Given the often self-contradicting comments attending Francis Ford Coppola’s late-career magnum opus since its premiere at Cannes last year, it’s difficult to determine if anyone thinks it’s a movie with “appeal.” Though not nearly as long as it could have been, the movie’s multiple storylines and complex themes makes the two-hour-plus running time feel like a chore, even for arthouse freaks. The general opinion is that it’s good in that it’s ambitious and well-made, but hardly a classic in the way one might think a Coppola late-career magnum opus should be. Though no one expects another Godfather or Apocalypse Now, Coppola has made some good movies since the 70s, and this comes across as merely a huge project without many elements that stick in the imagination.

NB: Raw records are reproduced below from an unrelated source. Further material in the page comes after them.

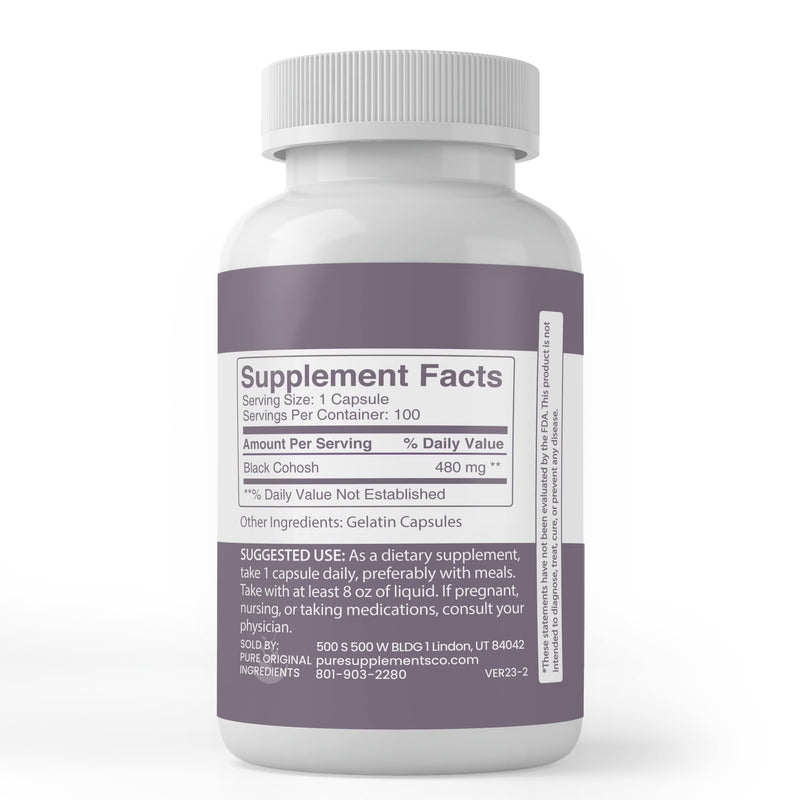 [Australia] - Pure Original Ingredients Black Cohosh Root, (100 Capsules) Always Pure, No Additives Or Fillers, Lab Verified 100 Count (Pack of 1) 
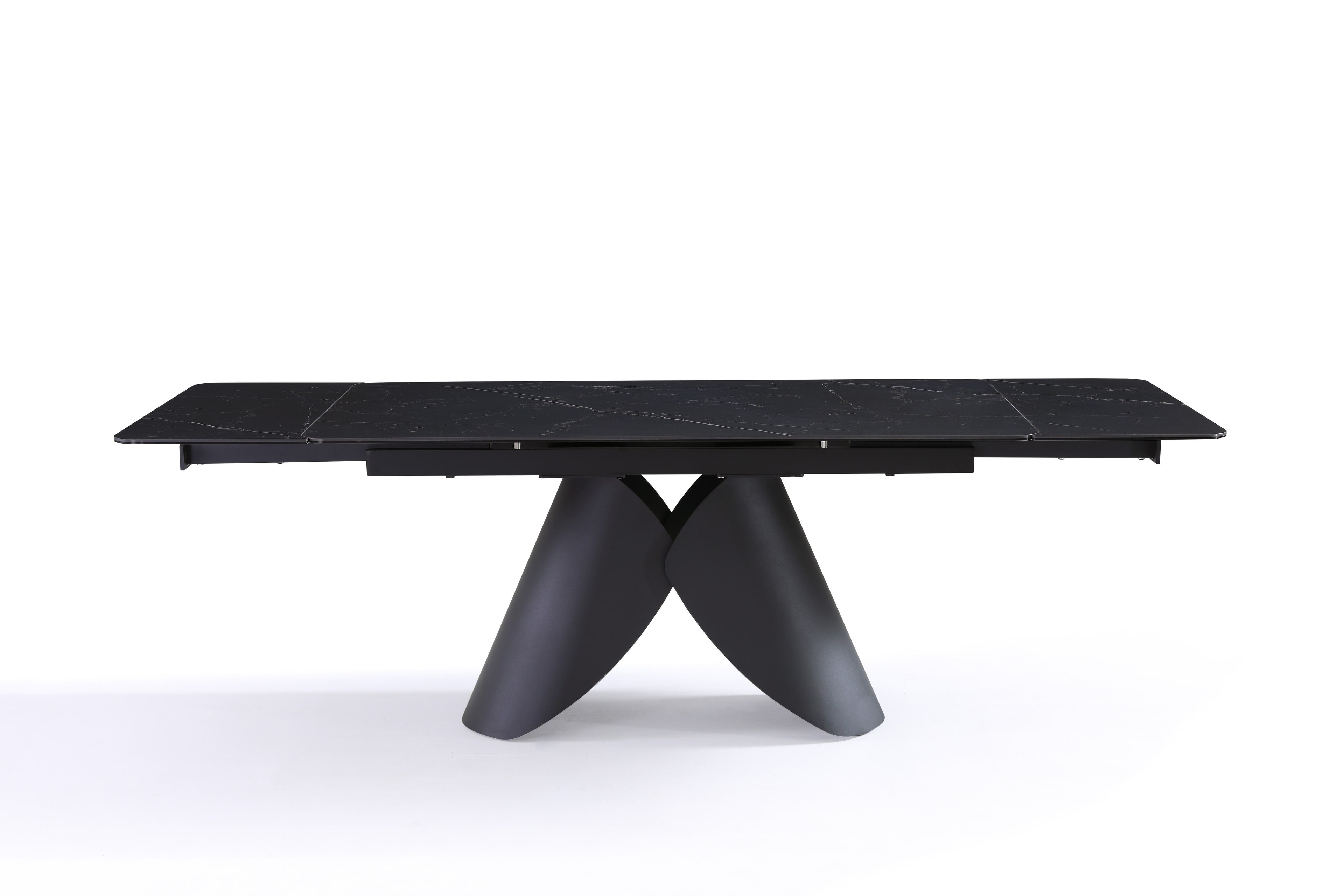 Stół Do Jadalni Ceramiczny 160–240x90 Marmur Nogi Metalowe Czarne Alba, Czarny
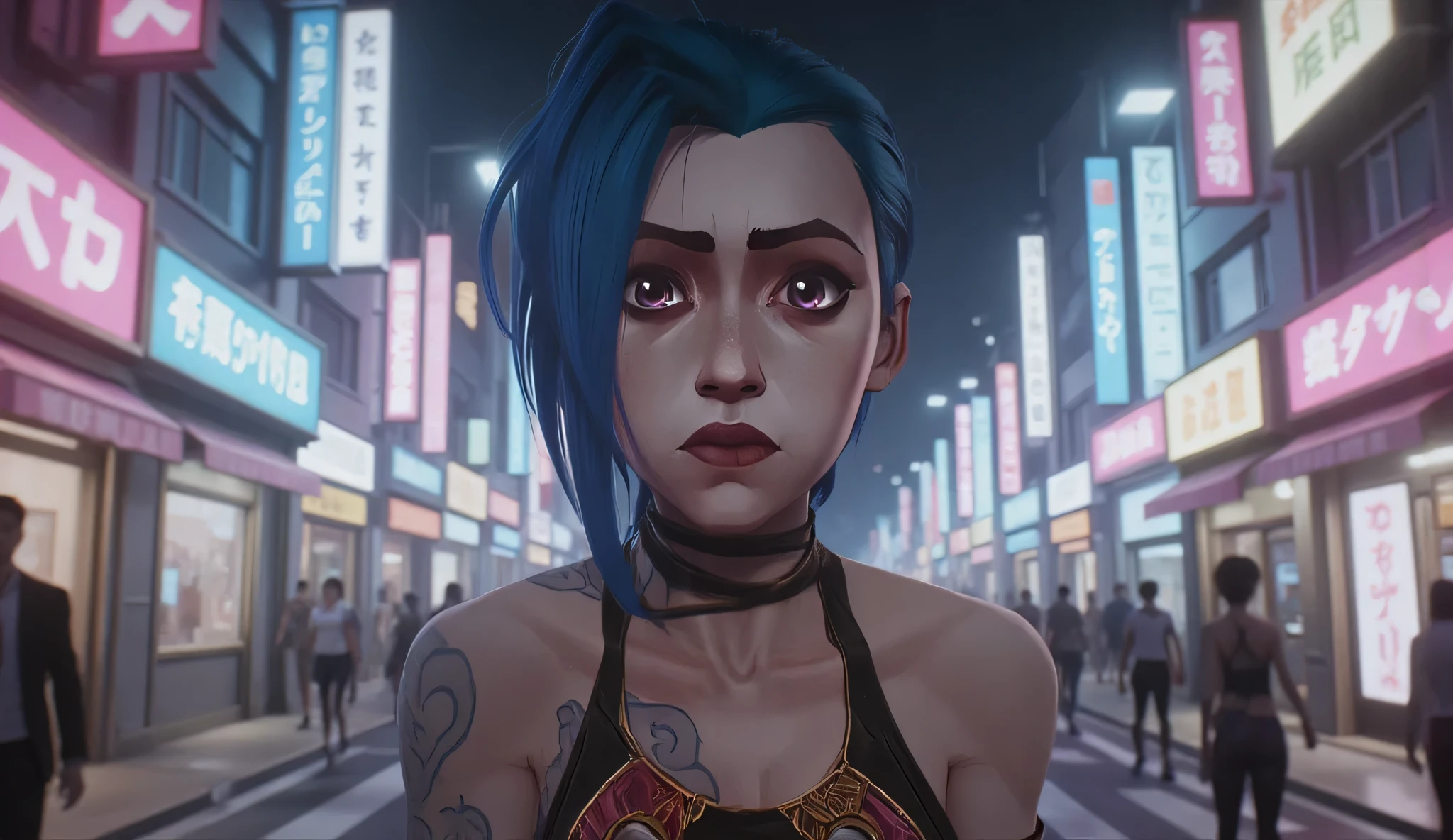 Best quality, highest resolution, detailed depiction, delicate depiction, colorful lighting, fashion model female body type, rainbow hair, cyberpunk edge liner, cyberpunk city, radio city, global illumination, motion blur, anti-aliasing, photorealistic, ray tracing, Shinjuku cityscape, detailed background, sweaty, sweat splashes, breast bump, translucent white skin, bob cut, skinny, bondage, fishnet stockings, gorgeous accessories, beautiful thighs, chains, delicately drawn face, beautiful face, thin and thin eyebrows, round chin, see-through costume, big mouth, ahegao, strong gloss, skin-transparent jacket, faithful depiction, rainbow costume, slender abs, rainbow eyes, best quality, masterpiece, ultra A high resolution, photorealistic, best quality, 8K, perfect body beauty, beautiful woman with slender abs,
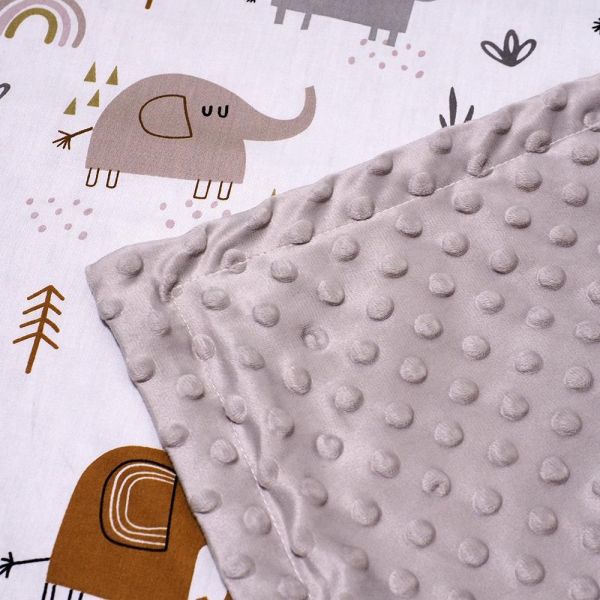 純棉安撫毯-彩虹大象 有機棉,天然,無毒,過敏,有機,異位性皮膚炎,新生兒,嬰兒,新生兒衣物,嬰幼兒,包屁衣,竹纖維,透氣,汗疹,濕疹,童裝,GOTS,呼吸道,癢,熱,汗,睡過夜,安撫毯,嬰兒帽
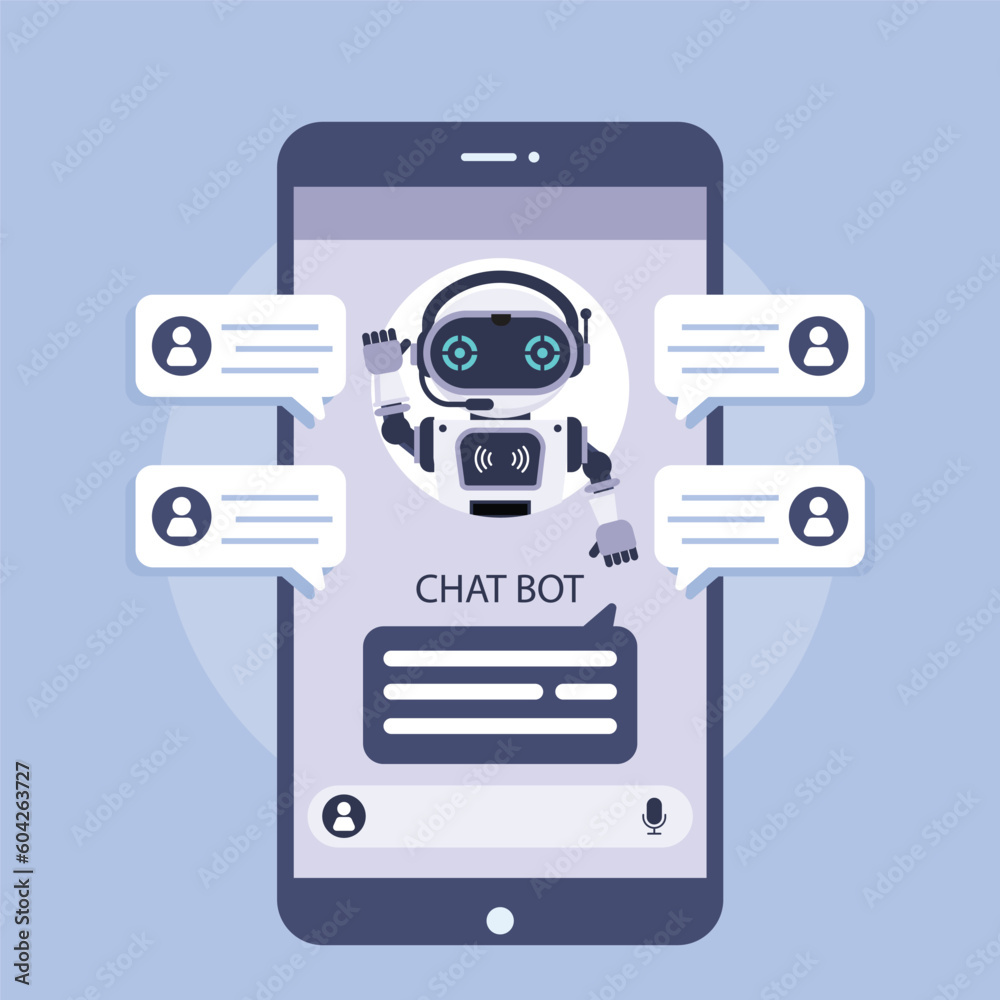 Chatbot artificial intelligence abstract concept illustration Chatbot artificial intelligence abstract concept illustration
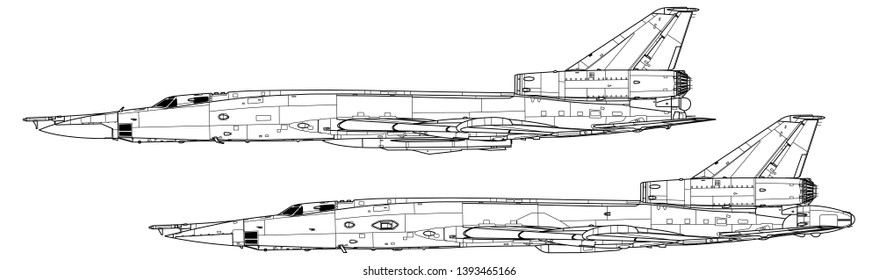 Tupolev Tu-22 Blinder. Outline vector drawing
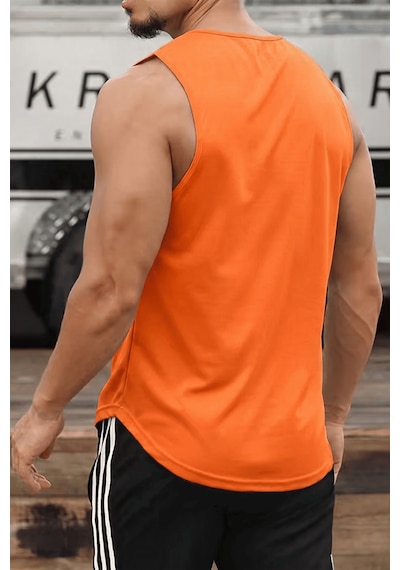 Genius Store Erkek Sporcu Atleti Sıfır Kol Tişört Fitness Gym Antrenman Tişörtü Ter Tutmayan Atlet Sıfırkol-2026 Turuncu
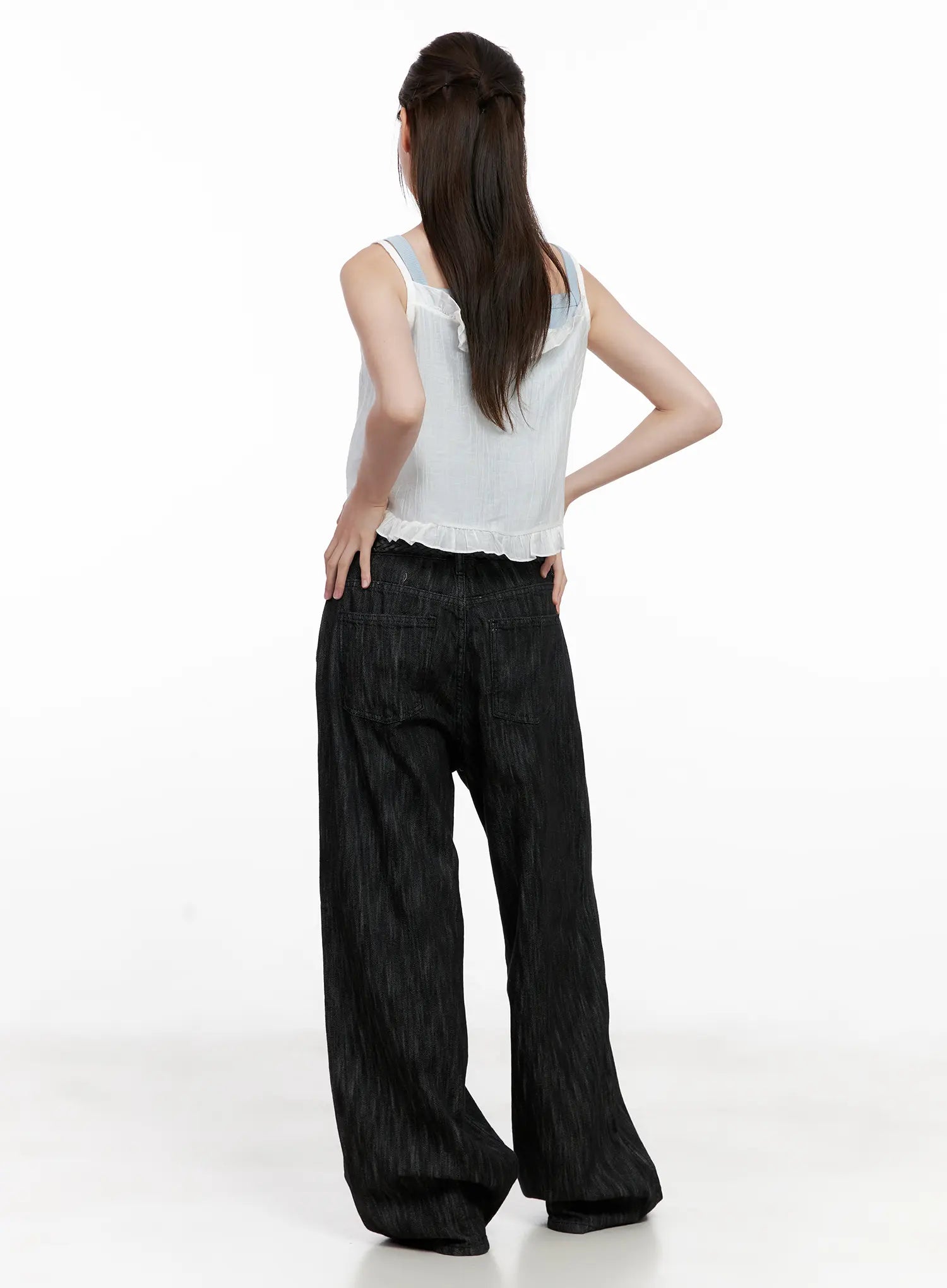 Yuha Wide-Leg Pintuck Denim Jeans CL523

The central hangup is the fantasy-derived nature of the story. Set in an alternative version of New York called New Rome, the film relies on allegory that is heavily representational right from the start, centered on a Howard Roark-like architect, Cesar Catalina (Adam Driver), whose vision is grand, self-inflating, and at odds with the conventional sensibilities of the powers-that-be, including the mayor, Franklyn Cicero (Giancarlo Esposito), and the city’s reigning billionaire Robert Moses type, Hamilton Crassus III (Jon Voight). Catalina has visions of greatness that he believes mere mortals cannot comprehend and thus is unremitting in his determination to see them realized, but for the most part the obstacles in his way are tabloidy in texture: sex scandals, inter-family squabbles that turn murderous, and pots of money being spilled all over the place. Apropos the city’s name, decadence is the default narrative mode, and each elaborately designed character stands for some facet of civilizational decline. There are plots and subplots that make sense, but they aren’t coordinated so much as attached to pre-existing literary ideas, including bits of Hamlet and pseudo-hippie tracts like Siddhartha. If the big problem is that the establishment doesn’t want to recognize Catalina’s genius, then there has to be better ways to convey that genius than long, grammatically correct soliloquys. 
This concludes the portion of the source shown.